There was no pathos here. I just didn't care about Mr. DiCaprio and his legal problems because the one thing the film did poorly was to develop his character (and secondary character motivation? Pish tosh.). Sure, we know about his wife's potential craziness. But we get nothing which shows their love or his love for his kids or anything else. (Or why he couldn't move the kids to a country with no extradition. I won't bother with my other complaint about legality because I've been spouting it for days already). There's supposedly all this subtext, and so many people talk about having to watch it more than once to get it, but while it's possible that I missed that stuff entirely I sincerely doubt that. I get that people hide things from themselves and that things aren't always what they seem and blah blah. This is not news.
But everything else *was* great. The production was beautiful, regardless of reality. The direction and photography showed us a complete, polished universe. Each layer was different from the last and fully realized. Action in a rotating and sliding world was interesting. Acting itself, despite a lack of character background, was right.

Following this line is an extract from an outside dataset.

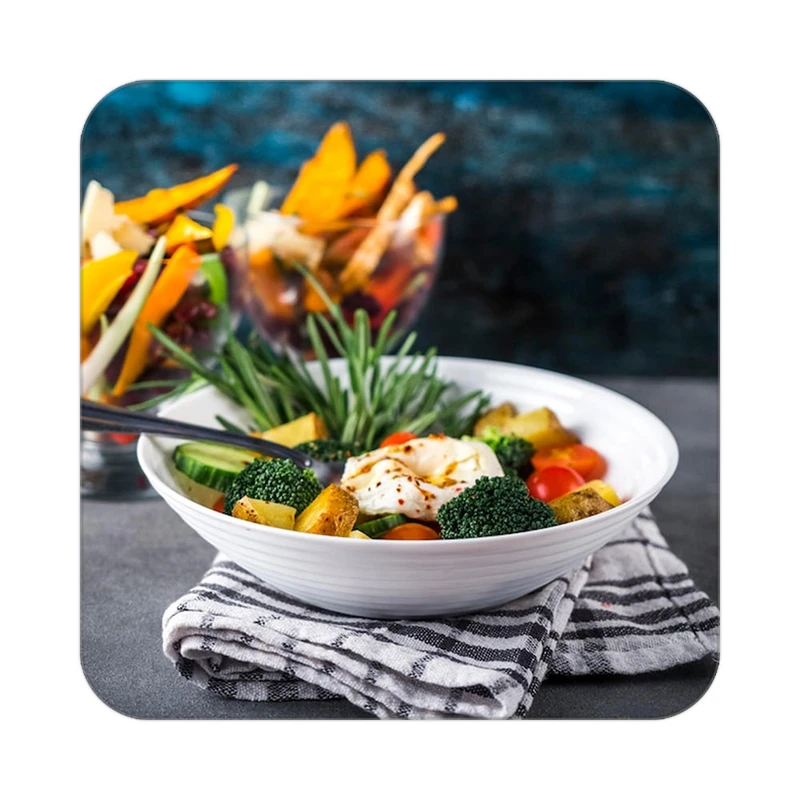 زیر لیوانی کاکتی طرح میوه مدل mp21335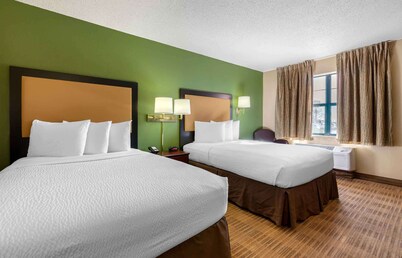 Extended Stay America Suites Rockford I90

The reaction to that, to an extent, is "whatever." I mean, we watch fucking Transformers movies and have fun. We watch all sorts of silly exercises which are paper thin in some instances and super thick in others and they leave us with thought which extends beyond the time it takes to write the reviews. So why the negative reaction? It's the arrogance vibe. This movie knows its beans are super cool. In fact, its makers know they're cooler than they actually are.